Malheureusement, ce genre de problèmes peut être plus difficile à résoudre dans des pays en développement comme Madagascar, a déclaré M. Golden. L'île n'a été colonisée que il y a environ 3 000 ans, et beaucoup de ces espèces étaient naïves pour l'homme avant leur arrivée. «Les extinctions massives ont suivi l'arrivée de l'homme et de nombreuses espèces sont aujourd'hui profondément menacées par la chasse, » a-t-il déclaré. Le problème est particulièrement difficile à résoudre lorsque la chasse à la viande de brousse fait partie des traditions et des palettes locales. «Lorsque c'est le cas, il est plus difficile de lutter contre les interventions ou d'éviter que les gens mangent de la viande de gibier, car ce ne sont pas de simples interventions de développement ou techniques qui vont résoudre ce problème», explique M. Golden.

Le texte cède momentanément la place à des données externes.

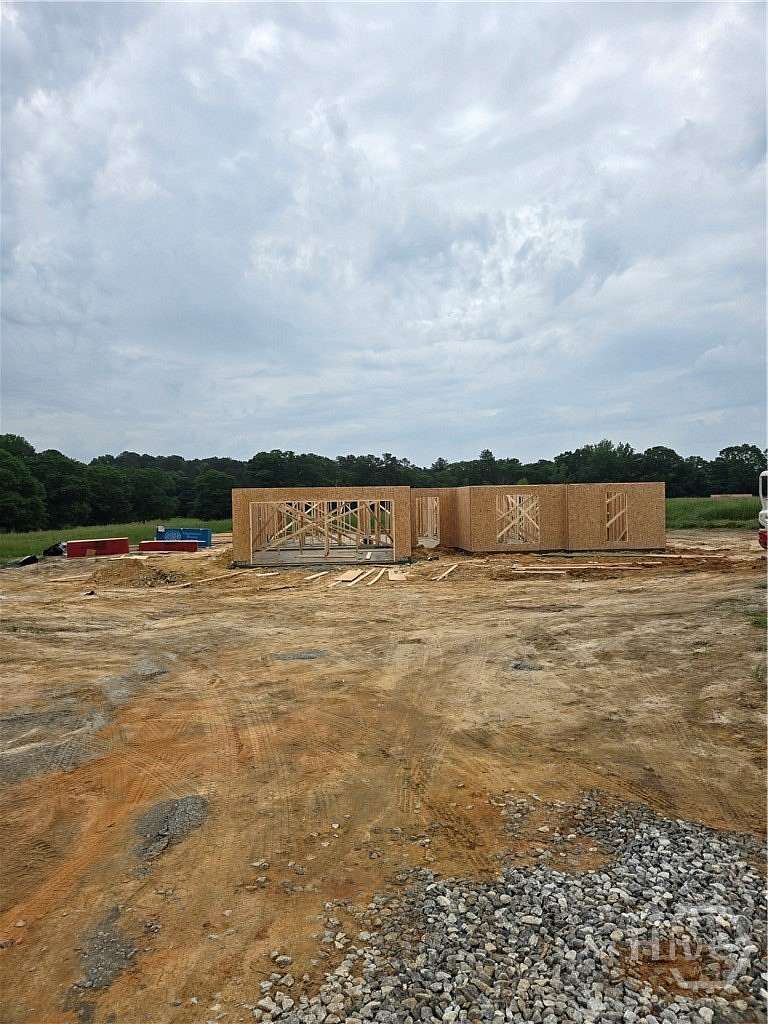5 Acres of Land with Home for Sale in Homer, Georgia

Même si l'objectif est de permettre aux humains de continuer à chasser les animaux qui aident les personnes en situation de pauvreté à maintenir des régimes alimentaires nutritifs, des endroits comme Madagascar ont besoin d'une réglementation plus stricte et d'une meilleure mise en œuvre, a déclaré M. Golden. Sinon, la ressource nutritionnelle fournie par la viande diminuera rapidement. "Il pourrait y avoir une augmentation d'environ 30% du taux d'anémie localement parce qu'ils perdent l'accès à ce type de nourriture pour animaux très important", dit-il, ajoutant que la chasse non durable "appauvrit en soi leur propre ressource nutritionnelle".

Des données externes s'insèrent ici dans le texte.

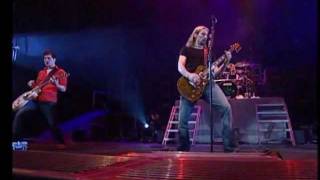 Video thumbnail of "Nickelback - Leader of Men (Live at Home)"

Une partie de la solution à Madagascar consiste au moins à aider les gens à mieux prendre soin des animaux domestiques comme les poulets. Golden et d'autres chercheurs développent un vaccin contre la maladie de Newcastle, qui tue 60 à 90% des volailles de façon saisonnière dans le pays insulaire. "Cette intervention fournit des aliments d'origine animale aux populations locales qui n'ont pas une lourde empreinte environnementale", a-t-il déclaré. "Si nous pouvons augmenter la productivité et réduire les prix, nous pourrions naturellement sevrer les locaux de la viande de brousse comme source de nourriture."
Ripple et ses coauteurs disent qu'une partie du problème pourrait être résolue en encourageant les communautés locales à passer à des plantes riches en protéines. Selon l'étude, il faut changer la politique internationale pour faire pression sur les pays afin de réduire la demande de viande de brousse et de produits médicinaux provenant d'animaux. Les communautés locales doivent être habilitées à «exploiter les avantages de la conservation de la faune avec des droits légaux d'utilisation».
Kamler, qui n’a pas participé à l’étude de Ripple, estime que cela devrait servir de sonnette d’alarme concernant les problèmes causés par le piégeage au collet, en particulier en Asie du Sud-Est. Il dit que la chasse individuelle aux cochons sauvages, par exemple, est durable car les mammifères se reproduisent rapidement. Le problème concerne les techniques non discriminantes, telles que les clôtures de captage et les clôtures électrifiées. «Jusqu'à ce que les gouvernements reconnaissent officiellement cette menace imminente pour leur faune, les choses se dérouleront normalement et peu de mesures seront prises pour remédier à la crise d'extinction provoquée par le commerce en expansion de la viande de brousse», déclare Kamler.